Già in estate si era a lungo parlato del divorzio tra Società e mister, poi tutto era rimasto come prima, comprese le diverse valutazioni sul valore di una rosa, che la Società riteneva rinforzata ed adeguata per puntare ad un nono/decimo posto, mentre lo staff tecnico manifestava idee ed ambizioni più modeste.
Il licenziamento ha sollevato numerose polemiche e prese di posizione di tutto l’ambiente calcistico, legate proprio alla salute dell’allenatore ed a quella sorta di riconoscenza mancata nei suoi confronti.
Ovviamente Mihajlovic si è sentito defraudato, cacciato senza dargli il tempo di amalgamare una squadra che, a suo parere, poteva fare bene.

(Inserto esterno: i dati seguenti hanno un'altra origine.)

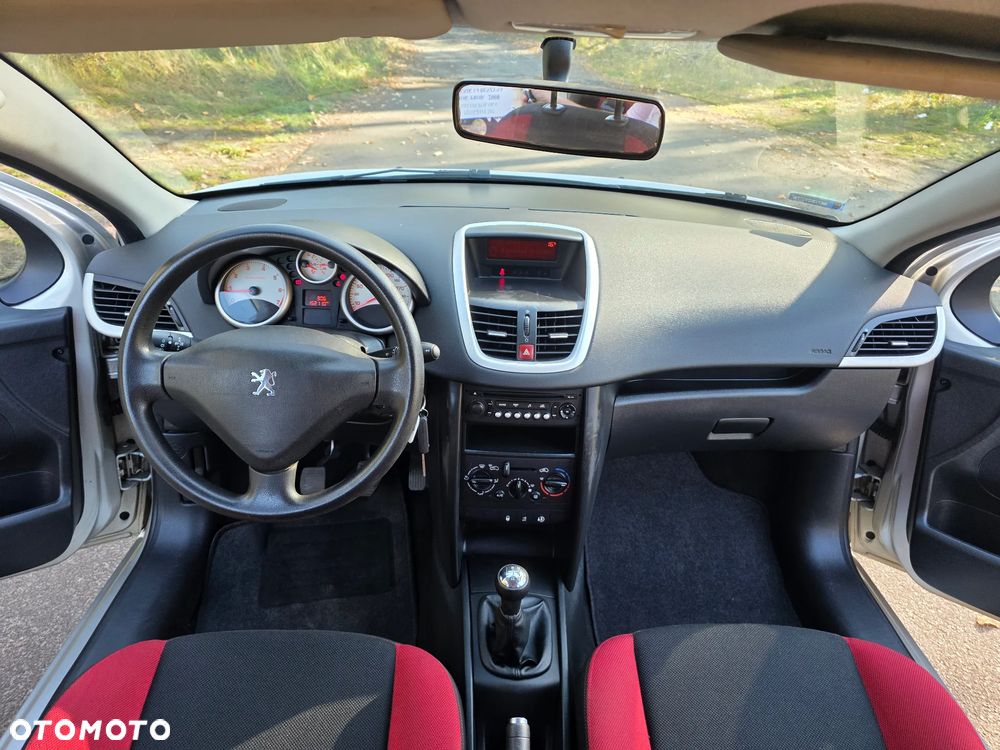 Peugeot 207 - 7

La Società, da parte sua, ha ritenuto che i risultati iniziali (nessuna vittoria) giustificassero un cambio immediato, anche per evitare ulteriori problemi.
Difficile pensare che in Società non si sia tenuto conto di quanto successo negli ultimi anni, anche considerando quanto e quello che è stato il supporto verso il mister nei momenti più difficili della malattia?
Bologna quindi senza cuore e riconoscenza? La situazione è certamente particolare, ma quanto può essere illegittimo che si prendano decisioni come il licenziamento dell’allenatore?
Il tempo ci dirà cosa la squadra saprà combinare sul campo, ma qui quanto conta il cuore e quanto il bilancio, i soldi che qualcuno spende? Il discorso è sempre lo stesso: c’è chi caccia la grana e chi, invece, giudica ma con i soldi degli altri …. ai posteri decidere qual’é la posizione migliore.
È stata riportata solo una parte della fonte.